For a long time too, there have been discussions around changing the legal and regulatory regime of the oil and gas industry, from the Petroleum Act which is a 1969 legislation, to another, via the introduction of the Petroleum Industry Bill (the “PIB”) nearly fifteen (15) years ago. This book highlights some key provisions of the latest version of the PIB. Further, the book contains a thorough analysis of transactional issues such as the why and how of due diligence exercises and reports. Due diligence exercises and reports are very important aspect of any significant transaction. Hence, this book, being one that traverses transactional issues, does a great job by providing insights into the topic of due diligence, from a more practical, than theoretical, point of view. It also highlights the latest legal and regulatory developments, such as the newly issued Nigerian Gas Transportation Network Code, which the author also played a meaningful role in bringing to life. Other recent changes highlighted include the enactment of the Deep Offshore and Inland Basin Production Sharing Contracts (Amendment) Act which changes the fiscal regime of Production Sharing Contracts and the Finance Act, which now makes dividends payable by upstream companies subject to taxation with the repeal of section 6 of the Petroleum Profits Tax Act. Regarding financing, a creative mode of financing was also developed for the financing of Nigerian LNG Train-7. This book does highlight that creative financing mode.
Apart from the foregoing, the book analyses host government contracts, transactional and regulatory issues in upstream acquisition-type deals, takes a comprehensive look at the downstream petroleum sector and highlights the issues, looks at the marginal fields regime and practical issues faced by the holders of marginal fields. The book also takes a critical look at refineries and refining and looks at the role of modular refineries and why modular refineries may not necessarily improve the availability of premium motor spirit/ gasoline, colloquially referred to as ‘petrol’.

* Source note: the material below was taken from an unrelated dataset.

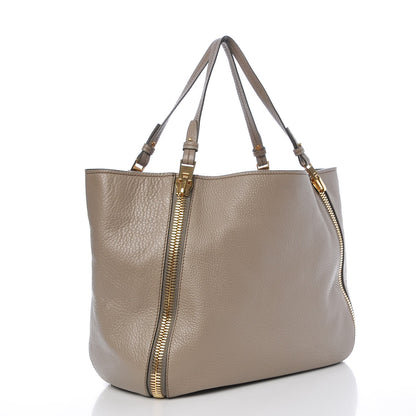 Tom Ford Grained Calfskin Medium Sedgwick Zipper Warm Taupe 5 of 11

The book recognizes that, as far the oil and gas sector is concerned, foreign investors will always play a role and consequently looks at how to give such investors comfort that they are able to go to international arbitration or in some cases, rely on bilateral investment treaties, their home countries may have signed with Nigeria. It is, in fact, not just the case that they can go to international arbitration, arbitral awards are enforceable in Nigeria and this is crucial because as Frank Alexander, an international energy law veteran, put it succinctly, “enforceable international arbitration is one of the pillars of the three pillars of security of investment under PSCs and other host government contracts”. Finally, the book looks at energy transition, especially from a Nigerian perspective.